Fin qui importanti sono state le affermazioni orgogliose dei principi, ma la vera svolta è avvenuta quando Renzi ha rappresentato, con grande abilità retorica, il dramma psicologico della crisi europea. Il dramma ha ben descritto la crisi esistenziale di una generazione bloccata dall’eredità ricevuta (dagli americani), cioè la pace in Europa. Una piece davvero bombastica in un contesto di brontosauri delle burocrazie europee. Al noioso europeismo chiuso in una sterile litania edipica e narcisistica – l’Ue è occupata da 20 anni da figure freudiane e magrittiane – Renzi ha detto che “la nostra generazione ha il dovere di meritarsi l’eredità”.
“La generazione Telemaco”, non quella molliccia e assistita degli “Erasmus boys” che restando giovani per sempre sono dei narcisi, e neppure quella austera e rigida dei padri padroni dell’europeismo che vivono nel complesso edipico dei padri fondatori, è quella che deve rispondere all’evaporazione dei “padri” con azioni e fatti degni di un’eredità autenticamente generativa. Ecco la “generazione Telemaco”, i giusti eredi dell’europeismo. Un concetto che fa eco al rivoluzionario Bergoglio che ha rottamato la vecchia Curia, aprendo a un Sinodo sulla famiglia aperto e inclusivo, con la finalità di far rinascere il cristianesimo operoso e attivo anche in Occidente. D’altra parte, il Papa ama ripetere che l’eredità del Padre richiede azione più che contemplazione.

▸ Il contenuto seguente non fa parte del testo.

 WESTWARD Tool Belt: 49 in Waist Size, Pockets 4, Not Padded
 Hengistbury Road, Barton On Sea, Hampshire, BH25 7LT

Non c’è che da plaudere al coraggio di Renzi che nella tana dei brontosauri ha affermato che non si può morire per l’euro: “Il nostro futuro non è solo la moneta che abbiamo in tasca”. Superando le migliori aspettative degli euroscettici, proprio perché sono state parole pronunciate dal capo di un governo europeista e non da un leader arrabbiato di opposizione, Renzi ha annunciato che la “voce dell’Italia sulle materie economiche si farà sentire”. Altra tagliente sfilettata a chi immaginava un’Italia in cerca di comprensione e favore dei potenti, per elemosinare un qualche sconto di pena fiscale e di bilancio. Non un arroccamento sovranista, ma la discesa nel ring dello scontro sull’applicazione delle regole del gioco europeo, regole ereditate e che non ha chiesto di cambiare (almeno per ora).
Questo capolavoro politico degno della più grande tradizione del cattolicesimo sociale non poteva non contenere anche un messaggio etico. Infatti, Renzi ha fatto esplicitamente richiamo allaGemeinshaft europea, cioè a quella comunità di valori identitari per cui essa stessa ha la dignità di esistere. Con un accenno al liberalismo illuminato e progressista, Renzi ha evocato i “valori comuni europei” per cui non si può restare silenti e inattivi quando il fanatismo religioso rapisce e condanna le donne, quando la barbarie settaria distrugge le vite di milioni di persone non solo in Africa. “Abbiamo un obbligo civilizzazionale”, ha detto. Parole che in Francia, Belgio e Regno Unito non sono passate inosservate. L’Africa deve vedere in noi europei non solo e non tanto un partner commerciale, ma un faro di una civilizzazione, una società aperta che ispira il resto del mondo.
Quindi non un’Europa super-Stato aggressivo, opprimente e forte di eserciti e regole, ma un concetto olistico e progressista di società. Echeggiano i concetti cari a George Soros, ma è diametralmente opposto al narcisismo utilitarista dei Massimo D’Alema e dei Tony Blair che furono padri di quella “terza via” della socialdemocrazia di mercato. Tanto è vero ciò che al Blair inviato di pace non resta null’altro che fare il consigliere della giunta militare al governo in Egitto, e a D’Alema di coltivare le sue vigne. In un colpo solo i Romano Prodi, gli Enrico Letta, e i Tony Blair, sono stati tutti consegnati alla storia.
Auguriamoci che l’epilogo di questa incipiente avventura europea di Renzi-Telemaco non segua la falsariga tracciata da Omero nell’Odissea. Sinceramente e di cuore mettiamo in guardia il Renzi-Telemaco dalle Sirene.